This vast decrease in the peasant population was brought about by WWI, the Civil War, the famine of 1921-22, collectivization and de-kulakization, labour camps, the famine of 1932-33, the famine of 1946-47, and – above all – by the Great Patriotic War of 1941-45. There were also tens of millions of peasants who migrated to the cities in search of a better life – and to carry out poorly conceived and incredibly wasteful industrialization projects. This migration was on such a scale that, throughout the Soviet Union, it led to the development of a uniform urban vernacular very different from educated Russian yet bearing no trace of local peasant dialects.
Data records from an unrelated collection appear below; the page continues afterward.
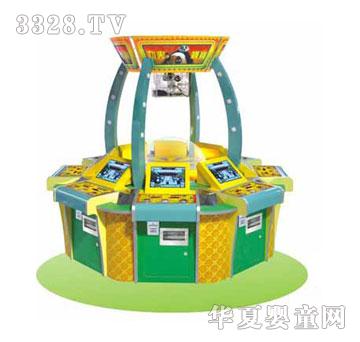 ����?q��)��?  border="0"  onload="AutoResizeImage(200,191,this);"/><span>����?q��)��?/span></a></div></td>
                      
                  </tr>
                </table></td>
              <td id="demo2" valign="top"></td>
            </tr>
          </tbody>
        </table>
        <input id="Hidden1" name="Hidden1" type="hidden" value=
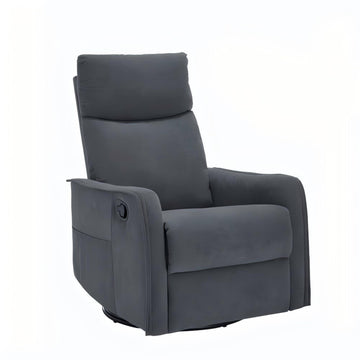 recliner chair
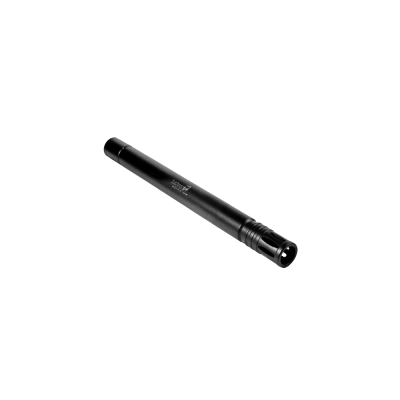 T15 DS11, 12.5" Dual-feed, .684 Smoothbore, BigShot Assault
All through the Soviet period up to the 1980s, the peasantry was one of the most censored topics in scholarly and political discourse. Only in the 1990s were the constraints lifted. Scores of researchers--linguists, ethnographers, historians, and sociologists—at once started looking for, and recording, peasants who remembered pre-kolkhoz life and language. (In the late 1930s, and especially after the war, traditional peasant speech was no longer transmitted from generation to generation.) At this point, a great number of autobiographical narratives have been transcribed and published. The central historical experience within these narratives is collectivization and de-kulakization, which was also the central interest of the interviewers. Relatively few narratives touch on occupation and the Holocaust. Nevertheless, those that do open an important window on a part of Soviet history that has been mostly avoided. In 1941-42 German armies advanced 1000 miles into Russia. The occupation lasted, depending on where you lived, from a few months to two years. Everyday life during that period, with its gradations from resistance to passive acceptance to collaboration, remains a difficult topic in Russia. Svetlana Alexievich wrote a great book about Russian women in combat, but not about Russian women who cooked for German officers and watched--sometimes in horror, sometimes with guilty excitement--the execution of their Jewish neighbors. Vasily Grossman in his novel Life and Fate created powerful images of the Holocaust in Ukraine but only hinted at Ukrainian and Russian collaboration. Russian peasants' narratives, with their masterful simple realism, add depth and nuance to the story.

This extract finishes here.